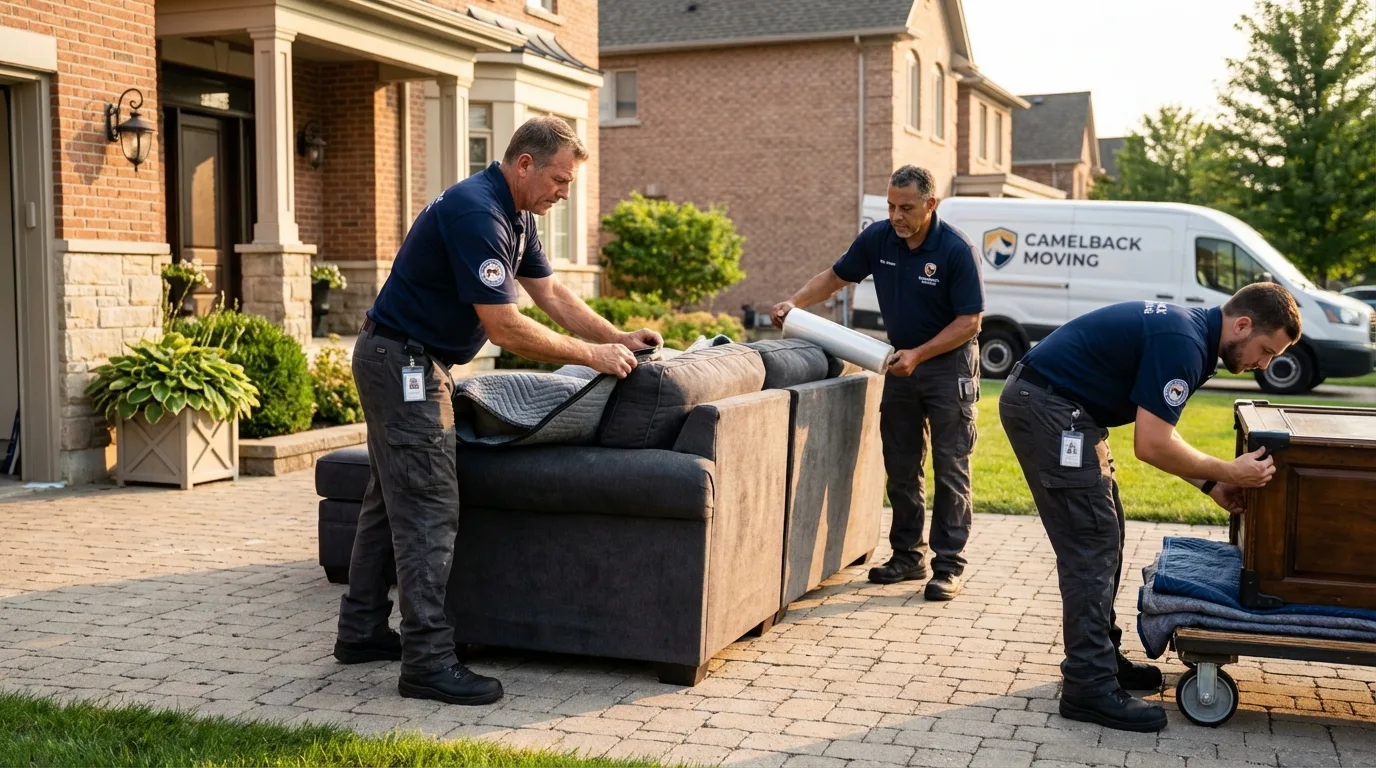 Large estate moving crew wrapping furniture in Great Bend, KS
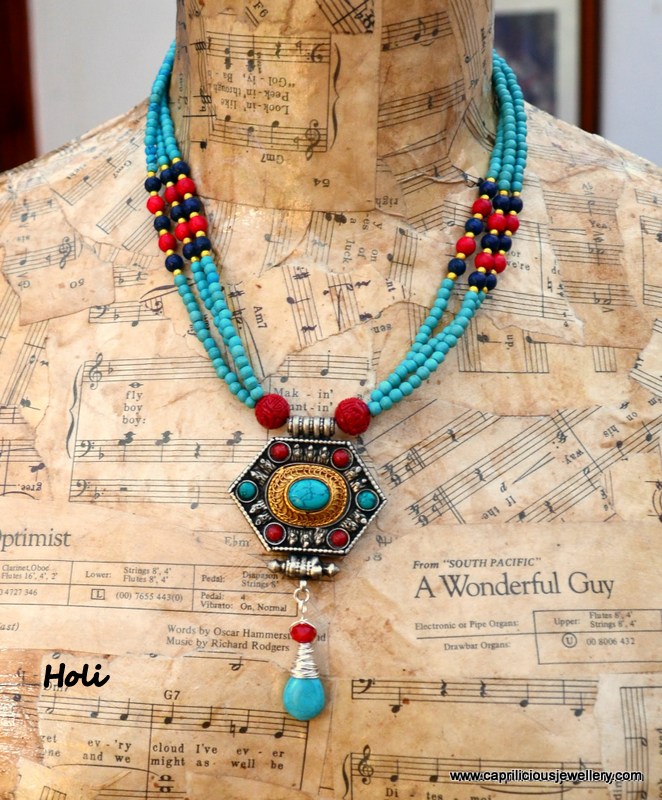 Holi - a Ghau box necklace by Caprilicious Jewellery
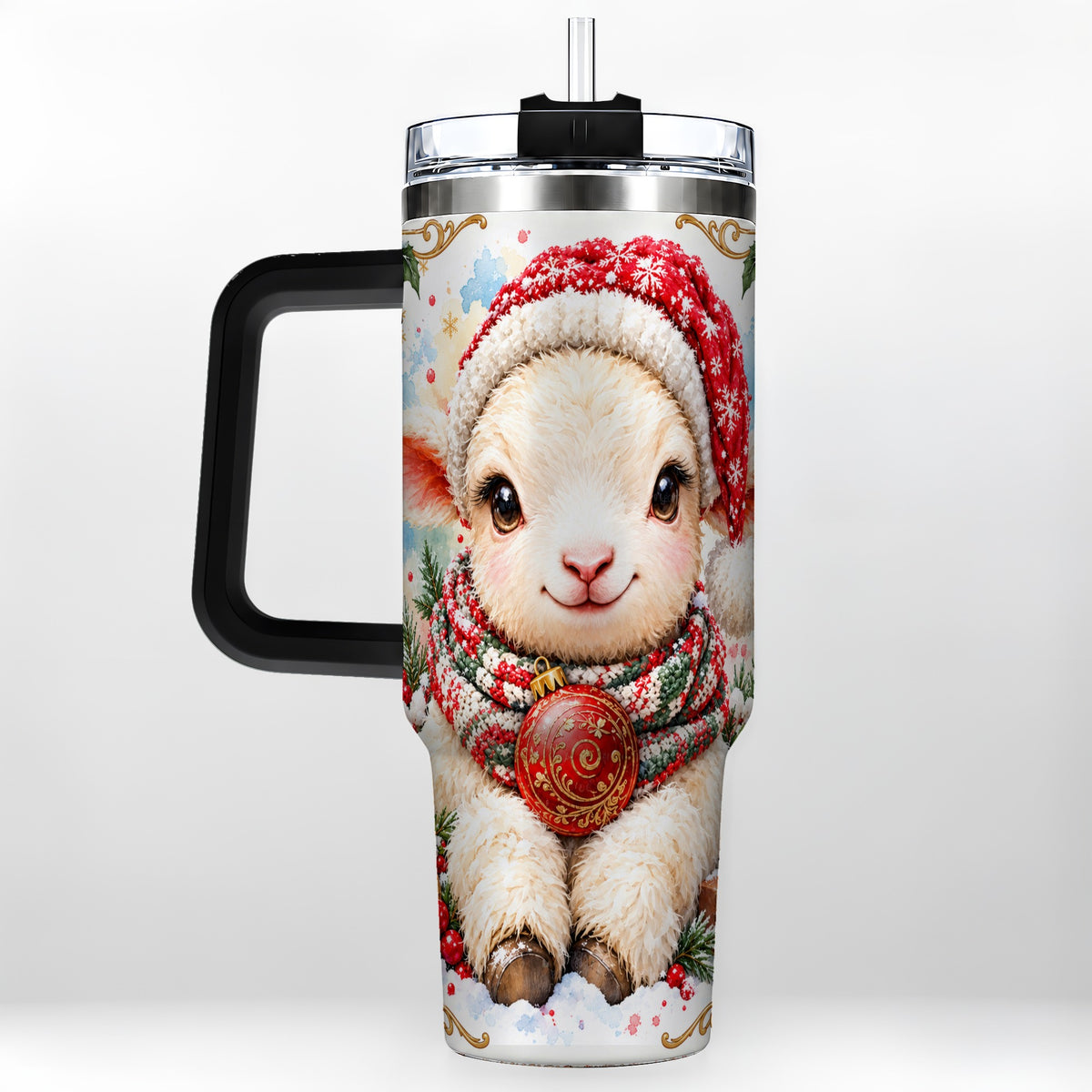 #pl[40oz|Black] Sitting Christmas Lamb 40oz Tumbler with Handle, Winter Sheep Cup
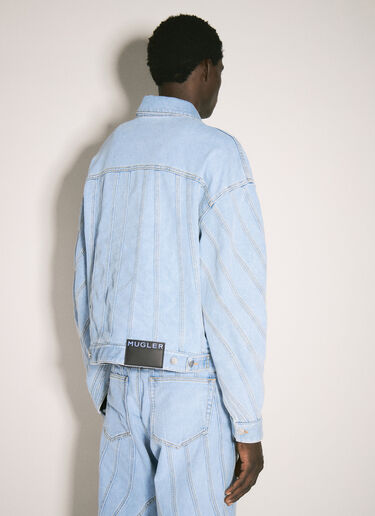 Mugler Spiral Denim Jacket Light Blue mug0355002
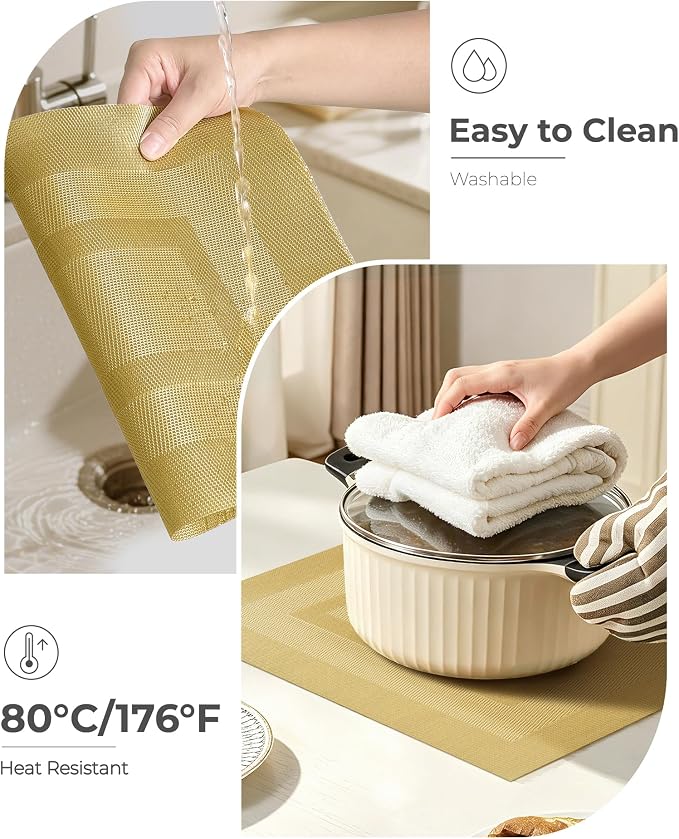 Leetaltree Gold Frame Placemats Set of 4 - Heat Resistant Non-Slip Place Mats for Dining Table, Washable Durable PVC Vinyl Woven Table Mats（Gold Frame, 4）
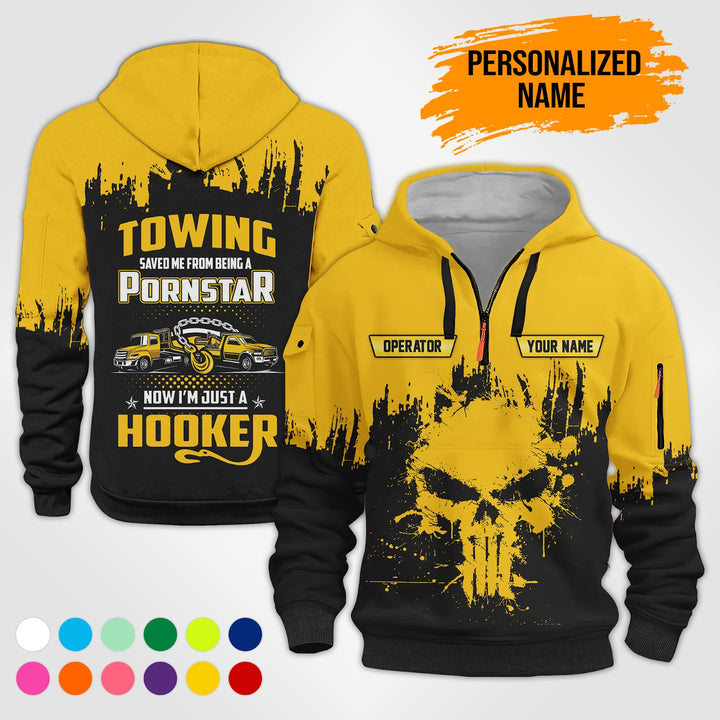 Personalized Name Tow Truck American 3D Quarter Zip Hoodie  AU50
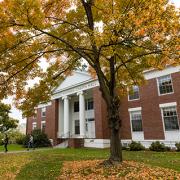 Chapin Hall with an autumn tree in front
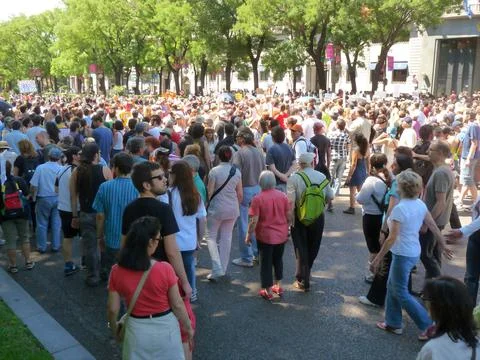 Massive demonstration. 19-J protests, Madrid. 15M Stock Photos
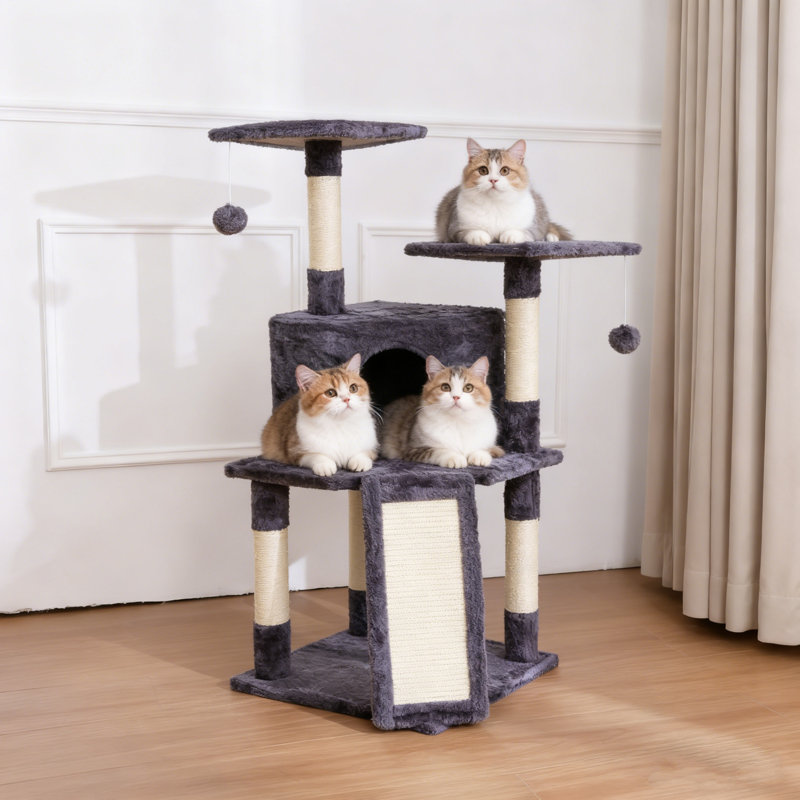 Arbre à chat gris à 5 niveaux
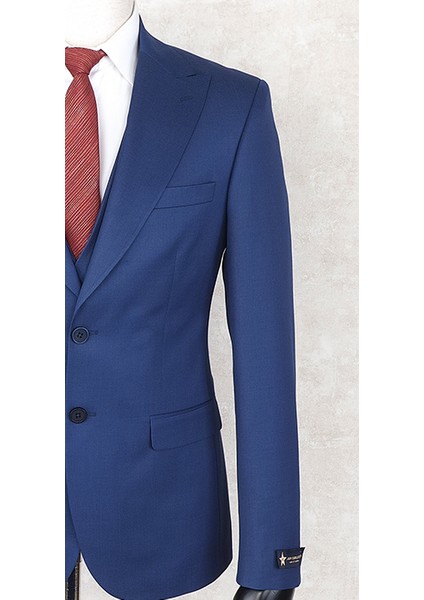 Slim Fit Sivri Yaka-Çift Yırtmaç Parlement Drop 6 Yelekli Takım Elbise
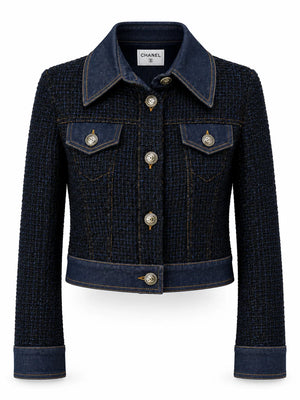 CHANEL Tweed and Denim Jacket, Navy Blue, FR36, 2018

Problem
Your answer must be an exact copy of the lines from the line with "Holi - a Ghau" to the final line of the data, both ends included, and no pictures.

Your solution
 Holi - a Ghau box necklace by Caprilicious Jewellery
 #pl[40oz|Black] Sitting Christmas Lamb 40oz Tumbler with Handle, Winter Sheep Cup
 Mugler Spiral Denim Jacket Light Blue mug0355002
 Leetaltree Gold Frame Placemats Set of 4 - Heat Resistant Non-Slip Place Mats for Dining Table, Washable Durable PVC Vinyl Woven Table Mats（Gold Frame, 4）
 Personalized Name Tow Truck American 3D Quarter Zip Hoodie  AU50
 Chapin Hall with an autumn tree in front
 Massive demonstration. 19-J protests, Madrid. 15M Stock Photos
 Arbre à chat gris à 5 niveaux
 Slim Fit Sivri Yaka-Çift Yırtmaç Parlement Drop 6 Yelekli Takım Elbise
 CHANEL Tweed and Denim Jacket, Navy Blue, FR36, 2018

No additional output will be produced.